On 1 and 2 June 2010, UK juries found James Ibori's sister, Christine Ibie-Ibori and his associate, Udoamaka Okoronkwo, guilty on counts of money laundering, in a verdict delivered at the Southwark Crown Court, London. Mr. James Ibori, via his media aide released a statement questioning the validity of the verdict which he claimed absolved the two other women, Ms Okoronkwo and Adebimpe Pogoson who were charged alongside his sister. The jury's verdict of 2 June 2010 however returned a guilty decision against Okoronkwo as well. Christine Ibie-Ibori and Udoamaka Okoronkwo were each sentenced to 5 years in prison on Monday 7 June 2010 by the UK court even as the defense counsel pleaded for mercy that the convicts were merely manipulated by James Ibori.

===Conviction===
On 27 February 2012, accused of stealing US$250 million from the Nigerian public purse, Ibori pleaded guilty to ten counts of money laundering and conspiracy to defraud at Southwark Crown Court, London.

Following the guilty plea entered by Ibori, the EFCC brought before an Appeal Court the 6 year old ruling of a Federal High Court in Asaba which acquitted Ibori in 2009. They EFCC sought the court to set aside the ruling of the lower court on the grounds that the presiding judge, Justice Awokulehin, erred in law while delivering his judgement.

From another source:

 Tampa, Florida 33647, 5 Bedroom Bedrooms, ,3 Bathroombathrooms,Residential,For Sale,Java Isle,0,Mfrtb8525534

A three-man panel of justices at the Benin Division of the Court of Appeal on 15 May 2014 ruled that the ex- governor has a case to answer. With this judgment, the coast is clear for Ibori to face further trial in Nigeria upon the completion of his jail term in London.

On Tuesday, 17 April 2012, Ibori was sentenced to 13 years by Southwark Crown Court for his crimes. Among possessions confiscated were:
- A house in Hampstead, north London, for £2.2m
- A property in Shaftesbury, Dorset, for £311,000
- A £3.2m mansion in Sandton, near Johannesburg, South Africa
- A fleet of armoured Range Rovers valued at £600,000
- A £120,000 Bentley Continental GT
- A Mercedes-Benz Maybach 62 bought for €407,000 cash, that was shipped direct to his mansion in South Africa

After the sentencing hearing, Sue Patten, head of the Crown Prosecution Service central fraud group, said it would bid to confiscate the assets Ibori had acquired his riches "at the expense of some of the poorest people in the world".

==Release==
James Ibori was released from prison in December 2016 after a court order. He served 4 years of the 13 years to which he was sentenced. Afterward, James Ibori was deported to Nigeria, where he continued to retain political influence.
In 2021, a British court ordered him to pay approximately £100 million, which was to be returned to the Nigerian government.